I did a search and this is the word from the horse's mouth.


----------



## g.ramesh (May 8, 2003)

Elvandil said:


> Can you still boot to Windows?
> 
> Do you see a copy of wubildr.mbr in your root directory? Has anything on the drive been moved or changed? Have you run any commands on the drive or changed partitions in any way?


Yes I am able to boot into win xp now also.

root directory means system32 directory ? I checked there I could not find any such file there. No nothing has been moved or changed and not run any commands to change partition.


----------



## TerryNet (Mar 23, 2005)

In Windows "root directory" means directly on the C: drive (except in those rare cases where the system drive is something else).


----------



## g.ramesh (May 8, 2003)

TerryNet said:


> In Windows "root directory" means directly on the C: drive (except in those rare cases where the system drive is something else).


In that case, I did not see any wubildr.mbr in root directory.

I just want to want to know that is it ok to have " noexecute=optin /fastdetect " wording in my boot.ini which I shown above ?


----------



## flan_suse (Apr 26, 2010)

g.ramesh said:


> 2. My boot.ini file is as follws"
> 
> [boot loader]
> timeout=30
> ...


Is that a typo above? I see WINDOW S instead of WINDOWS.


----------



## TerryNet (Mar 23, 2005)

> I just want to want to know that is it ok to have " noexecute=optin /fastdetect " wording in my boot.ini which I shown above ?


Yes, that in my boot.ini for Windows XP Pro.

Note the last line in yours. That, I assume, is why *Elvandil *asked about the wubildr.mbr file. If it's not there Ubuntu is not going to boot.


----------



## g.ramesh (May 8, 2003)

TerryNet said:


> Yes, that in my boot.ini for Windows XP Pro.
> 
> Note the last line in yours. That, I assume, is why *Elvandil *asked about the wubildr.mbr file. If it's not there Ubuntu is not going to boot.


Hi Terrynet

is the wording noexecute ok in boot.ini file?

If wubildr.mbr is not present in root directory what is the solution?


----------



## saikee (Jun 11, 2004)

I hate distro trying to help by distorting a standard installation thus a user ending up knowing neither the standard method and the special method to rescure a Linux should anything help to it.

Don't use Wubi myself but the layout suggests the file "wubildr.mbr" is the first 512 bytes of the Ubuntu partition. See Task E4 of Just booting tips for the standard way making a NT version of Windows to boot a Linux. Vista and Win7 are no different in requiring the same thing but their boot loader is "bootmgr".

I suspect the Ubuntu CD may have a utility to copy the Ubuntu's MBR but the following is the what I regard as the "standard" method that works in every version of NT version of the MS Windows of Win2k and Xp that use NTLDR as the boot loader.

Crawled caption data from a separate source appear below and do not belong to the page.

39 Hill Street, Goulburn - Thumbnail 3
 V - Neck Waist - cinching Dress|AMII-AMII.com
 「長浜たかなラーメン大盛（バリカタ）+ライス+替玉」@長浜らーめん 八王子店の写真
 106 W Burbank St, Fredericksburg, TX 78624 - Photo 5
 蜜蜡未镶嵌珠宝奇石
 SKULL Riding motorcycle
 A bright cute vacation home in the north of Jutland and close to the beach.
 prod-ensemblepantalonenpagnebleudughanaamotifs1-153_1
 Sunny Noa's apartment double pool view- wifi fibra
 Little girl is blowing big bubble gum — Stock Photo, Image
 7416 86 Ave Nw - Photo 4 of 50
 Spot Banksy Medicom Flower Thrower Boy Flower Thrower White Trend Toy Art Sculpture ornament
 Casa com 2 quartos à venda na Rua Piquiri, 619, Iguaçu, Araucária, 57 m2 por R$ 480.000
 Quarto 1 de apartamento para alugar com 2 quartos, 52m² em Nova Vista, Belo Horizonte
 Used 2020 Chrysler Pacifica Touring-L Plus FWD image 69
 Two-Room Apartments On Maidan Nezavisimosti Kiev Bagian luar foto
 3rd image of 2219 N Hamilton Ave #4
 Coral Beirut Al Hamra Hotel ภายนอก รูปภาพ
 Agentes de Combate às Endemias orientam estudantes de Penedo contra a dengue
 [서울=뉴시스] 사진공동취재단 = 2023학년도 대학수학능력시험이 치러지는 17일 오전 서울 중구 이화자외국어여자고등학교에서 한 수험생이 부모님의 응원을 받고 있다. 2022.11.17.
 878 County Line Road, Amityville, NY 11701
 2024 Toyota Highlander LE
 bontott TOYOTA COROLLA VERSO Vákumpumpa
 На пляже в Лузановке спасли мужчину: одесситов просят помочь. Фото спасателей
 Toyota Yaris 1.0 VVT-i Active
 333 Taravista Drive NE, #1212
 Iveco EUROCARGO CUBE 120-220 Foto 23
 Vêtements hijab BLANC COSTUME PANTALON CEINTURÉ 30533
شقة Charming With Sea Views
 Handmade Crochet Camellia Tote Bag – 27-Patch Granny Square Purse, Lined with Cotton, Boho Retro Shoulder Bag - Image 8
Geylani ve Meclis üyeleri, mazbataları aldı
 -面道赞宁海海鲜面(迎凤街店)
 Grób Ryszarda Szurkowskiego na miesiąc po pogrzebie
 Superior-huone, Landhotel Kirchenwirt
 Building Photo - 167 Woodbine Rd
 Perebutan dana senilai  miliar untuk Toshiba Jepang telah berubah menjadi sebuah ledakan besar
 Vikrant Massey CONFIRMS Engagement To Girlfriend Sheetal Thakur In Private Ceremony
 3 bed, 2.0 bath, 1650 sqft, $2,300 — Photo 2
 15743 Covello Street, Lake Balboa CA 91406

Officially MS Windows has never been engineered to read a Linux partition so in order to boot it the first 512 bytes (equivalent to the MBR) of the Linux partition is placed in the "C" drive so that its boot loader can fire it up. It is the MBR inside the "C" drive that actually boots the Ubuntu Linux. Therefore to get it follow the following steps:

(1) Boot up Ubuntu CD and use it as a Live CD. In fact any Linux Live CD will do but the commands here are wriiten for Ubuntu family distros.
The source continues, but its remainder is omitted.